Introduction to This article has compiled a dry knowledge of IoT queues, allowing IoT practitioners to further understand IoT scenario queues and discuss a message queue suitable for IoT systems.
Traditional message queues ((Kafka, RocketMQ, etc.) have been polished for many years and have done extremely well in many aspects such as high performance, massive accumulation, message reliability, etc. However, in IoT scenarios, they often need to face massive message delivery. , The performance of the traditional message queue is "powerless".
In the IoT field, event messages need to be transmitted from application servers to embedded chips, such as opening the cabinet of a shared power bank, sending light-on instructions from the server to the device, and high-frequency message flow of industrial gateways, etc., in the process of transmitting these information , The greatest significance of queues is to make the entire message event into a smoothly operating system under uncontrollable environmental factors, because IoT devices will cause a large number of message floods from time to time due to failures or network jitter.
As a leader and innovator in the Internet of Things field, Alibaba Cloud AIoT continues to cultivate and settle in the field of message queues.
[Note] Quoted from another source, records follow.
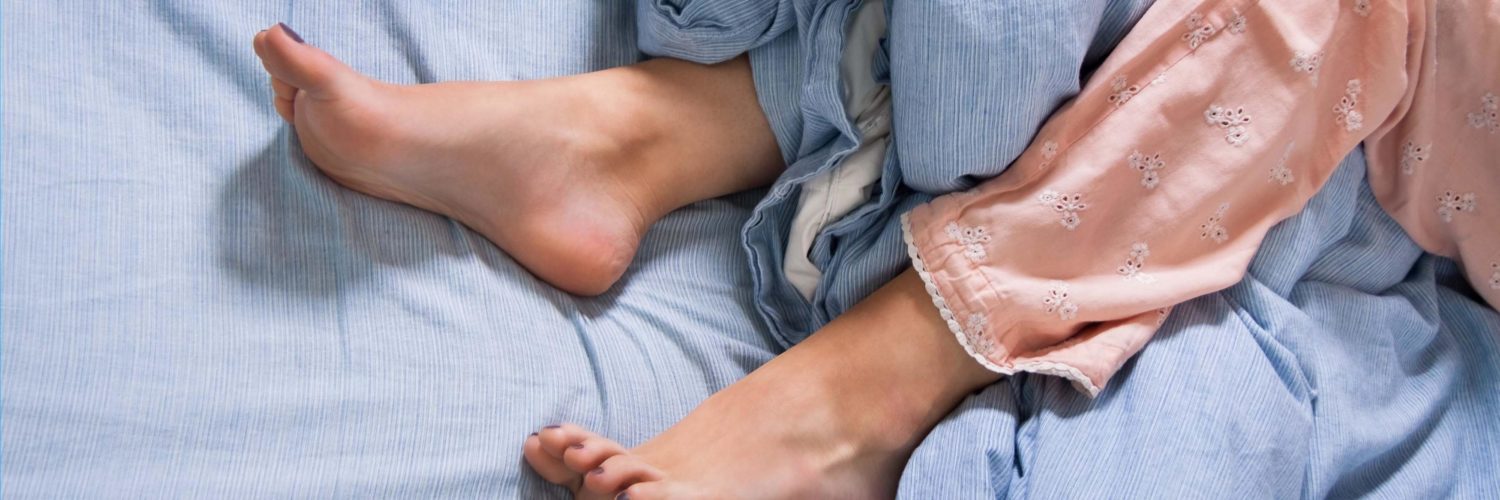 Nukkuvan naisen jalat sängyllä, osittain peiton seassa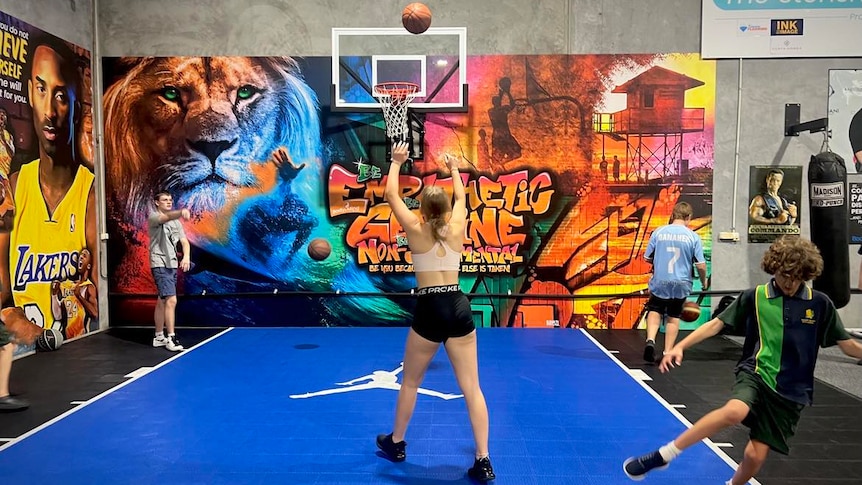 A bright basketball court with kids playing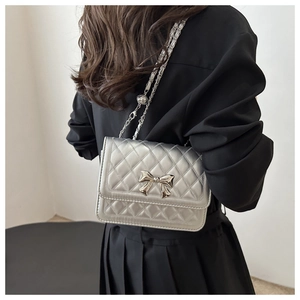 Detail of silver quilted crossbody bag with metal bow on model in black pleated skirt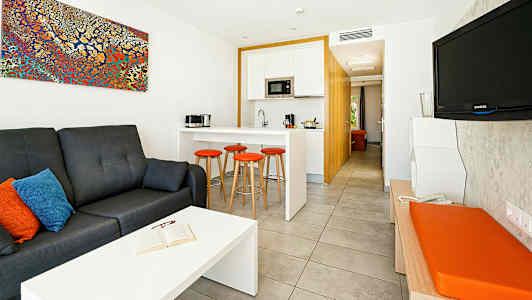 Ett modernt hotellrum med en sittgrupp, kök och TV. (AI-genererad text)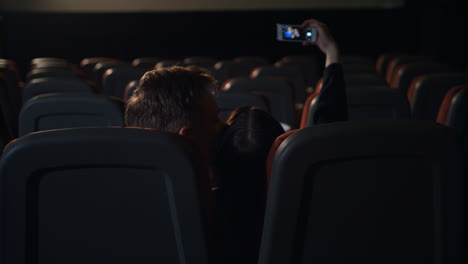 Young-people-kissing-in-empty-cinema-hall.-Love-couple-making-selfie-photo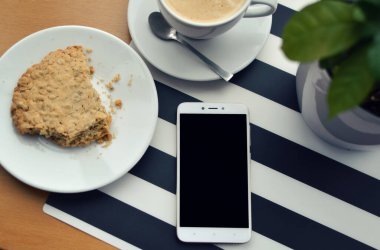 Siyah ve beyaz çizgili arka planda bir tabakta bir fincan kahve ve kek ile boş ekranlı akıllı telefon. Masa üstü görünümü. Öğle arasında iş ve teknoloji arasında. Model.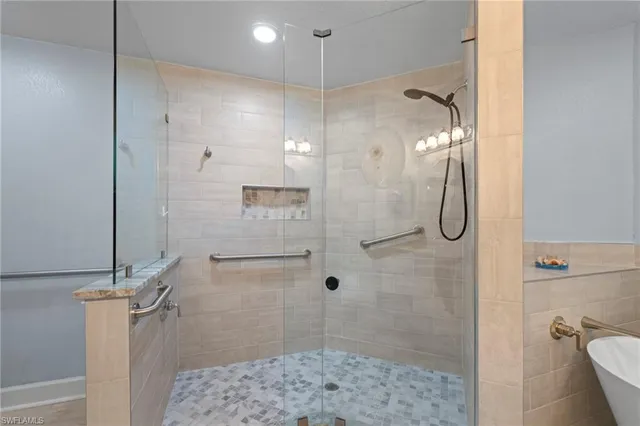 a bathroom with a shower and a toilet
In order to let IoT practitioners know more about IoT scene queues, Alibaba Cloud technical expert Lu Jianwen compiled a list of IoT queues. Dry goods knowledge, and discuss with you a message queue suitable for the Internet of Things system.
1. The difference between IoT queue and ordinary queue
1. Upstream and downstream isolation split
In the IoT scenario, we divide the required queues into two scenarios, one is the upstream queue and the other is the downstream queue. After splitting, you can isolate the uplink and downlink, and control a device. For example, if the payment is successful, you must open the cabinet and so on. If there is any problem in the uplink, it must not affect the downlink business. In addition, the characteristics of the uplink and downlink are very different. The amount of concurrency for device uplink messages is very high, but in many scenarios the reliability and delay requirements are low, while for device downlink messages, the amount of concurrency is relatively low, but downlink messages (usually control device commands) require high power to achieve.
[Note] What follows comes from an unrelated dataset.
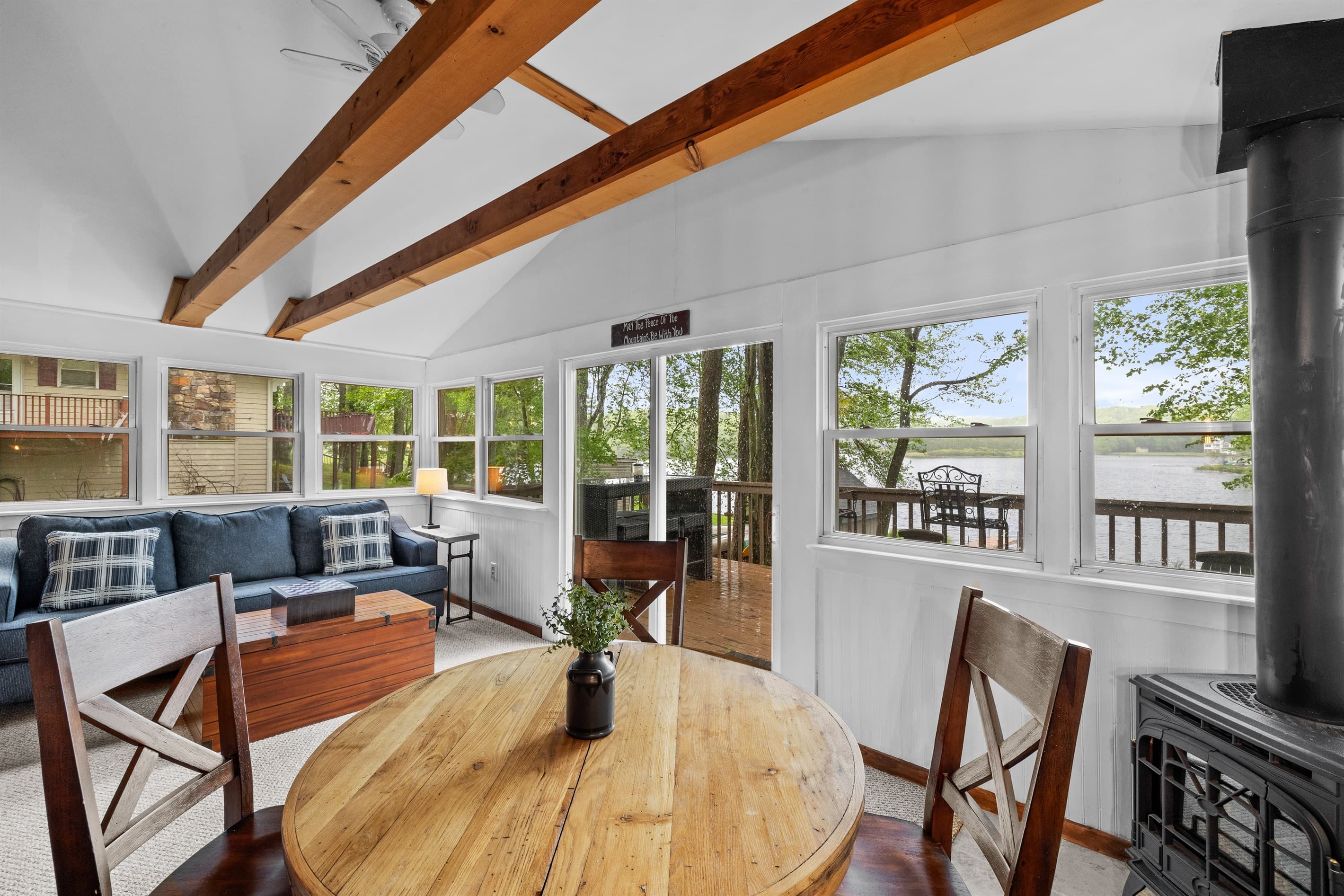 Sunroom with a lake view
2. Supports massive device-level
The core appeal of the traditional queue is that its performance will not be affected no matter how much it accumulates. When Kafka has more topics, the original advantage of writing files in order of messages will cause a broker to degenerate to random writing and lose its advantage. In addition, zookeeper is required to coordinate so many topics. There are also limitations, so these queues themselves provide an external proxy bridge. The entrance is multiple device topics, and then bridged and mapped to a small number of actual Kafka topics. This scheme is feasible, but it cannot achieve the isolation effect, and it is not a cure for the symptoms.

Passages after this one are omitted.